## Import Libraries

In [2]:
import json
import numpy as np
from sentence_transformers import SentenceTransformer, util
from PIL import Image
from sklearn.metrics import accuracy_score, precision_score, recall_score, f1_score, confusion_matrix
import torch
import os
from glob import glob
import torch
import numpy as np
from torchvision import transforms
from sklearn.preprocessing import LabelEncoder
from zero_dce import (
    Trainer, plot_result
)
from open_clip import create_model_from_pretrained, get_tokenizer
from torchvision import transforms


  from .autonotebook import tqdm as notebook_tqdm


In [3]:
device = "cuda" if torch.cuda.is_available() else "cpu"

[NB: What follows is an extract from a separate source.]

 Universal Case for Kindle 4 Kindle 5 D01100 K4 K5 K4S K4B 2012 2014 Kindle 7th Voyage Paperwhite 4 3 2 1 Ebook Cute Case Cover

# Load CLIP model from Hugging Face (Apple DFN2B)
model, preprocess = create_model_from_pretrained('hf-hub:apple/DFN2B-CLIP-ViT-L-14')
model = model.to(device).eval()
tokenizer = get_tokenizer('ViT-L-14')

In [4]:
def enhance_images_with_zero_dce(full_image_paths, model_weights_path):
    trainer = Trainer()
    trainer.build_model(pretrain_weights=model_weights_path)

    enhanced_paths = []

    for path in full_image_paths:
        path = os.path.normpath(path)
        image, enhanced = trainer.infer_gpu(path, image_resize_factor=1)

        alpha = 0.4
        enhanced_toned = alpha * enhanced + (1 - alpha) * np.asarray(image) / 255.0
        enhanced_toned = np.clip(enhanced_toned, 0, 1)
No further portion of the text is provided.